Ah, I was hoping you wouldn't ask that. The explanation (as assembled by the good folks who populate the BR Wagon Research Yahoo group) is that the number was part of a still-born system to categorise wagons according to their maximum service speed. The quickest way to explain this comes via the following appeared in LMR WON [Wagon Operating Notice] in September 1963 (information from Mike Hollick). I have highlighted the appropriate bit.

 

NOTICE TO STAFF.

 

Limited speed of all four-wheeled vehicles of 10 feet wheelbase or less, and reduced maximum speed of Class 4 trains.

Until further notice all four-wheeled vehicles with a wheelbase of 10 feet or less are subject,to a speed restriction of 50 m.p.h. ,

If it is necessary for any such vehicle to be conveyed on a Class 1, 2 or 3 train, the Guard must advise the Driver and instruct him not to exceed 50 m.p.h.

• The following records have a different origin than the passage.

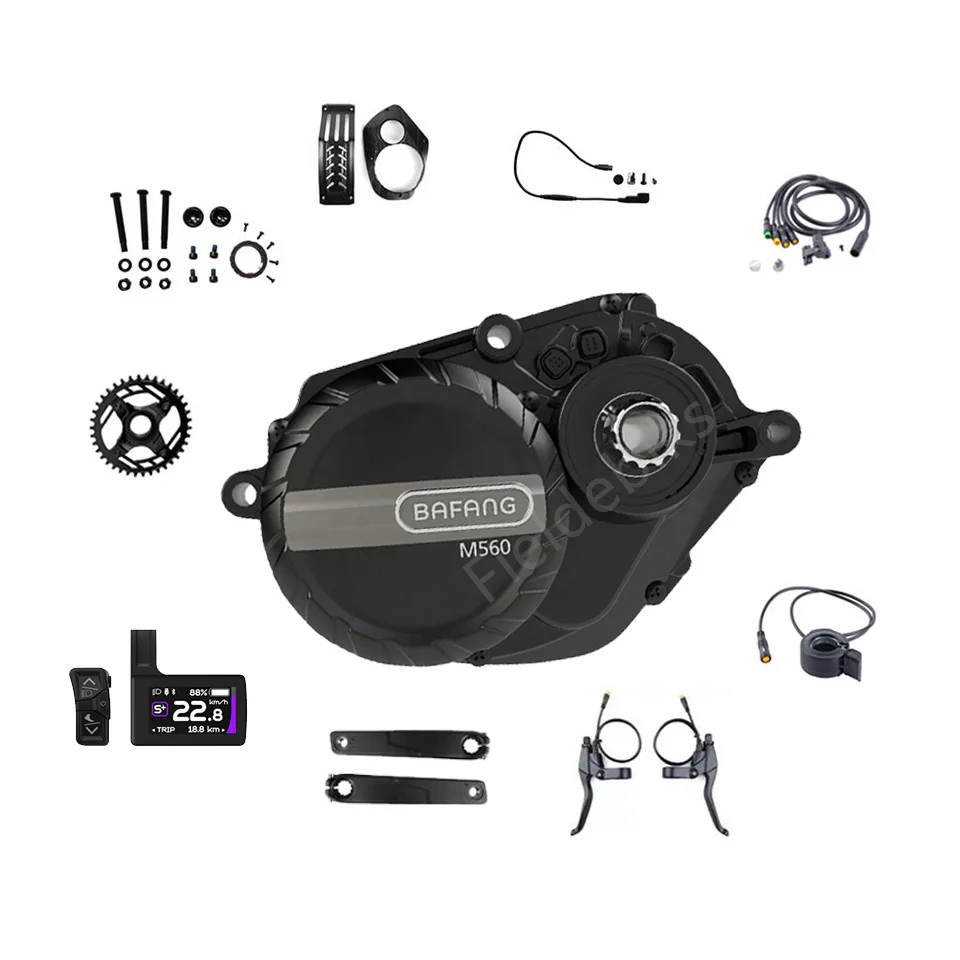 48v 750w Electric Bike Bafang M560 Motor MM G5300 500/750.C Mid Drive Motor for Dengfu E10 E82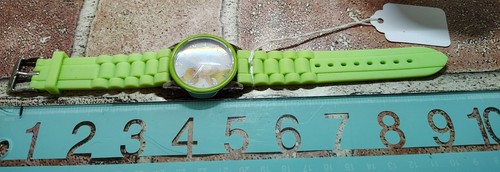 Disney Tinker Bell Watch- Green Jelly Band- TNK 544- Works- New Battery - Picture 4 of 4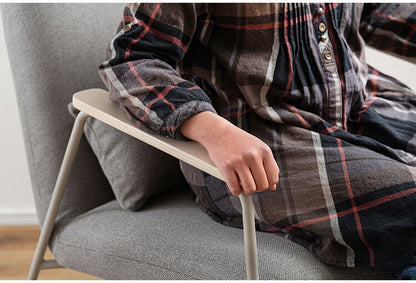 ラウンジチェア PC-626 東谷 ラウンジチェア チェア 椅子 パーソナルチェア アームチェア ひじ掛け付き クッション付き 背もたれ スチール脚 ナチュラル グレー アイボリー オフホワイト 天然木(代引不可)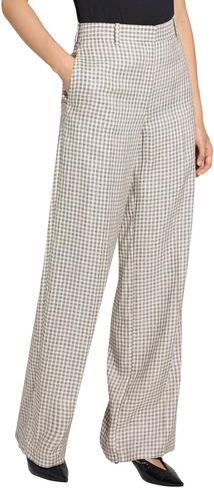 Theory Women's Linear Check Classic Trouser in Saudi Arabia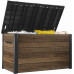 KETER DECO DECK BOX 870L Coffre de jardin, 147 x 83 x 86 cm, walnut 17213847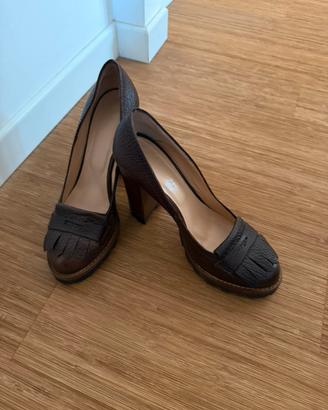 Scarpe di pelle marrone 38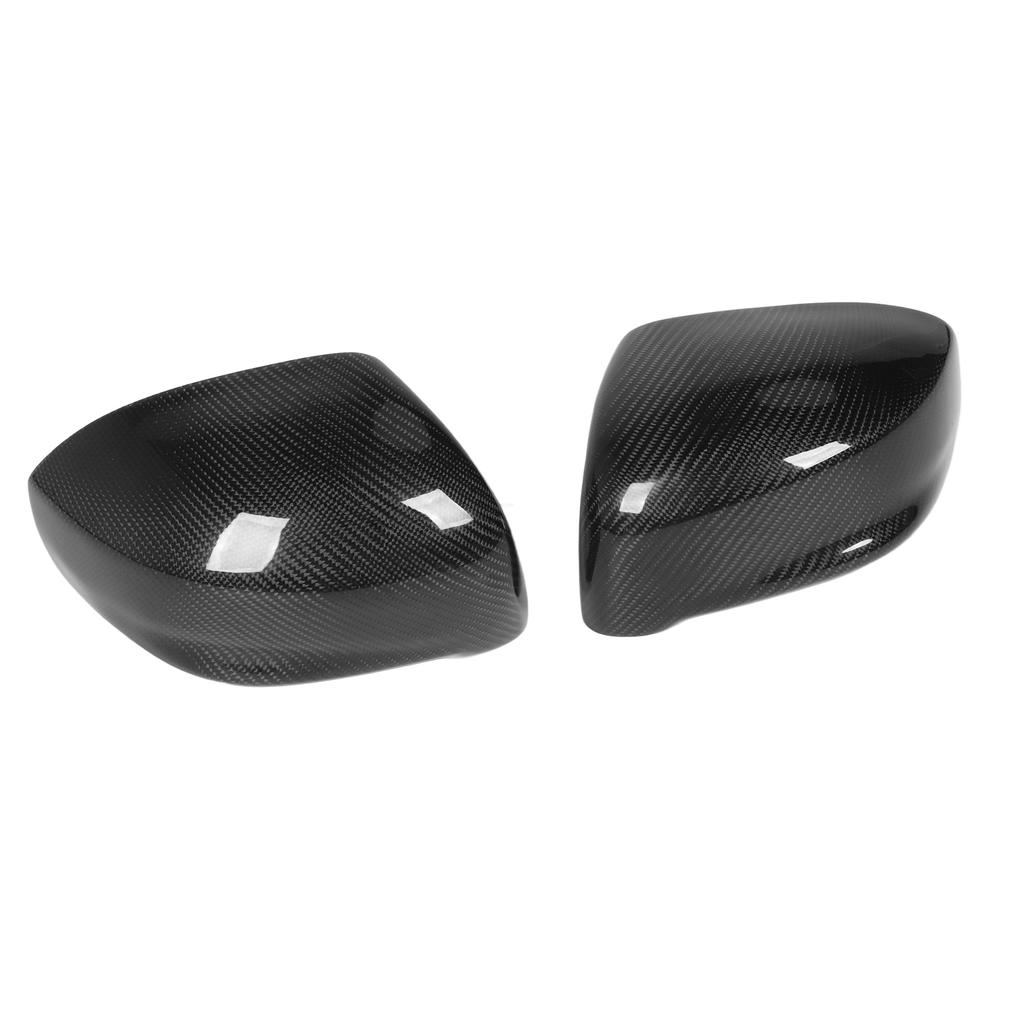 2 STÜCKE Seite Rückspiegel Abdeckung Links Rechts Dry Carbon Fiber Kratzfest für GTR R35 2008 zu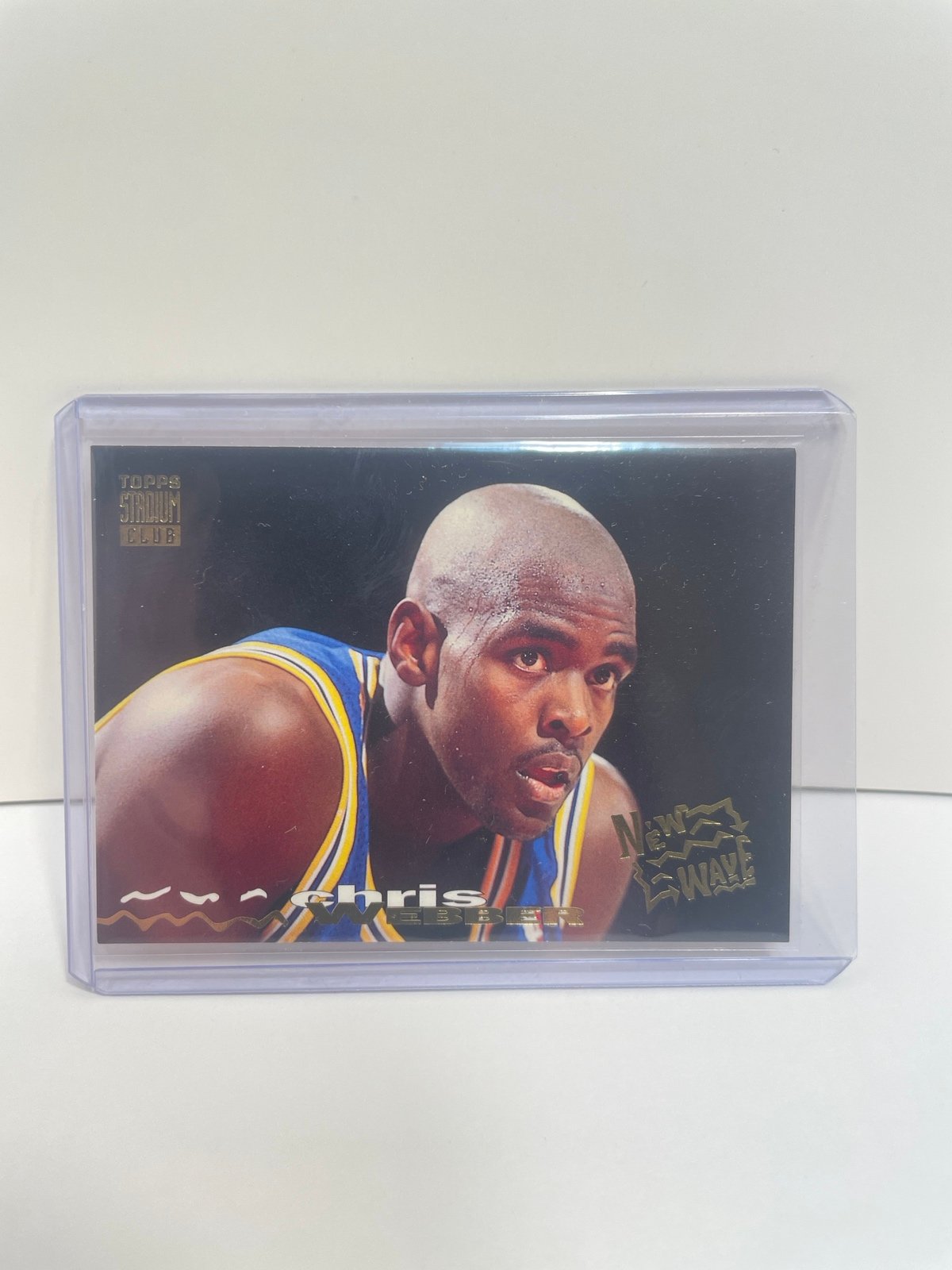 Chris Webber Topps Stadium Club New Wave Card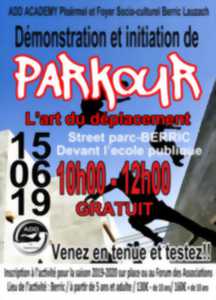 Démonstration et initiation de Parkour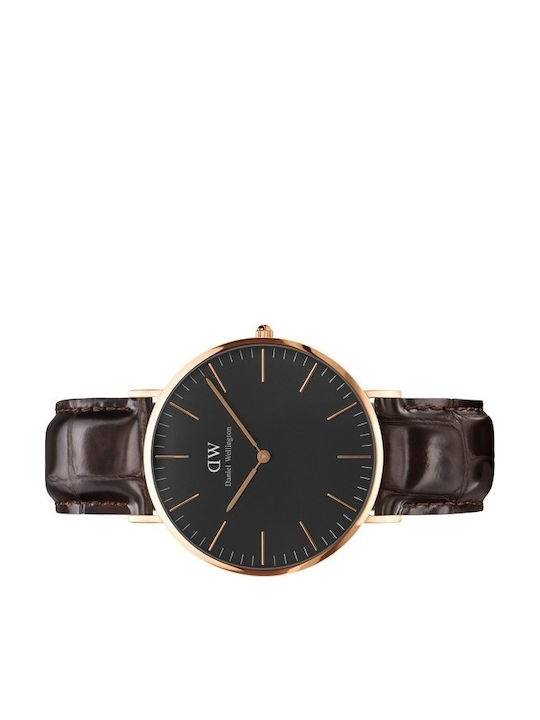 Daniel Wellington Classic York Ρολόι Μπαταρίας με Δερμάτινο Λουράκι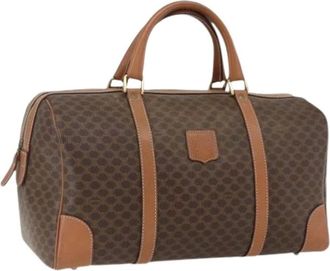 Celine Pre-owned Weekend Bags, female, Brown, Size: ONE SIZE Pre-owned Plastic Travel Bag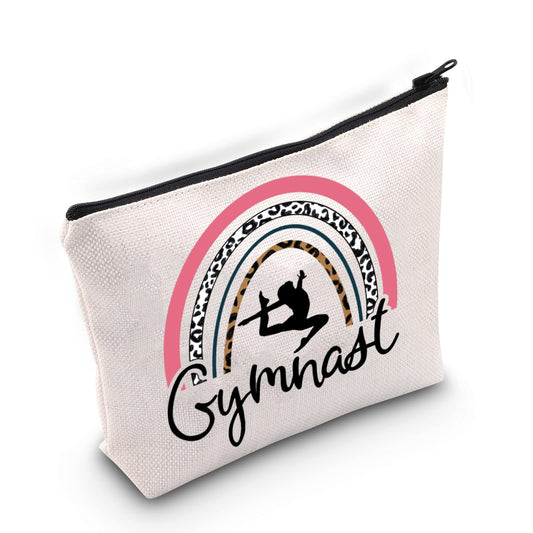 TOBGB Gymnast Gift Gymnasts Makeup Bag Gymnastics Coach Gift Gymnastics Team Gift Gymnastics Lovers Gift (Gymnast Bag)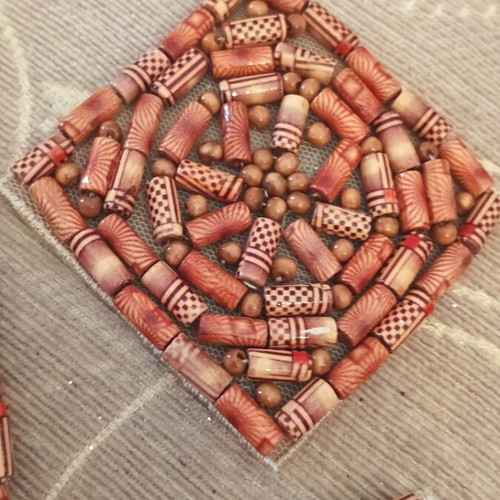 Heat Adhesive Motifs with Beads, Set of 9, New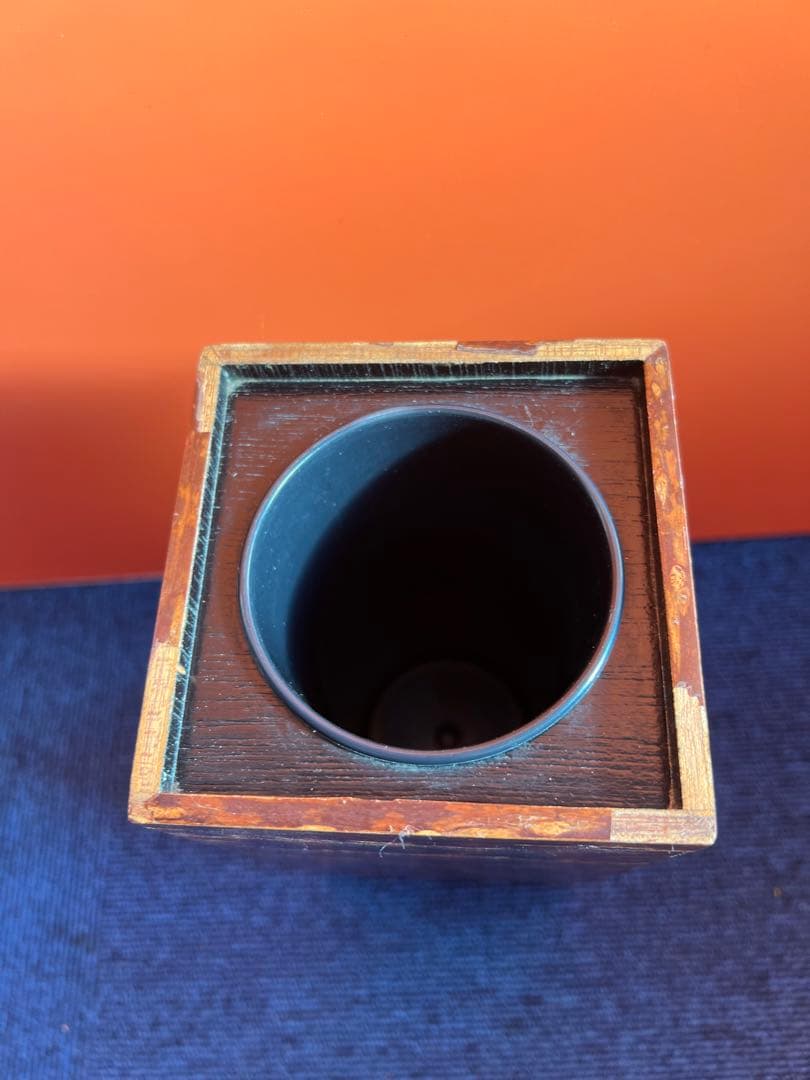 1237 桜皮細工　花瓶　伝統工芸品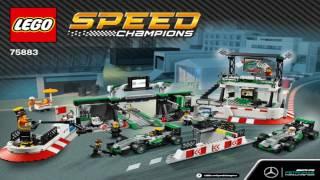 LEGO Speed Champions 2017 MERCEDES AMG PETRONAS FORMULA ONE TEAM 75883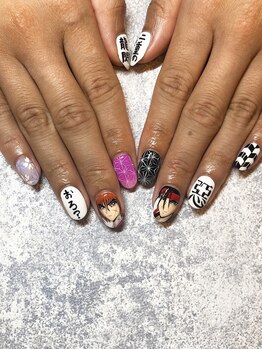 ミグ(mig)/痛ネイル、キャラクター￥13000~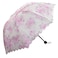 ShaqMars lace parasol umbrella Folding Antiuv Sunshade Vintage Embroidered Sun Protection Purple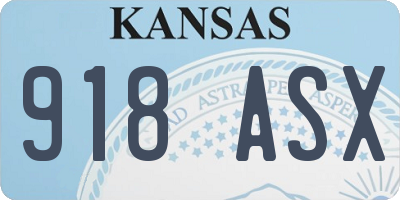 KS license plate 918ASX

Class 4 or 4+ trains must not exceed 50 m.p.h. at any point unless indicated in the timetable by a "club" symbol, in which case a maximum speed of 55 m.p.h, (Class 4) or 60 m.p.h. (Class 4+) will be permissible. Should it be necessary for a train so indicated to

carry a four-wheeled vehicle with a wheelbase of 10 feet or less the Guard must instruct the Driver not to exceed 50 m.p.h.

Painting of Freight Stock and Non-bogie Coaching Stock.

 

It is the future intention that all freight stock and non-bogie coaching stock will be marked to Indicate the maximum speed at which it may run. It may have been observed that a number of vehicles have already appeared in service bearing a white numeral in a white lined square, and without the symbol "XP" where applicable.

Full instructions on this subject will be published in due course. In the meantime it should be noted that the Numerals "1" "2" or "3" are equivalent to "XP" marking.

(21-9-63)

 

The numbers seem to have been abandoned relatively early, but the white boxes were applied for years afterwards, well into the 1980s when it can only have become paintshop habit:

 

http://paulbartlett.zenfolio.com/oyster/h10551809#h10551809

 

Adam

 

PS - there was a later instruction which shows that paintshops had been rather confused by all this: the amendment was to use the box to put the 'XP' in if appropriate.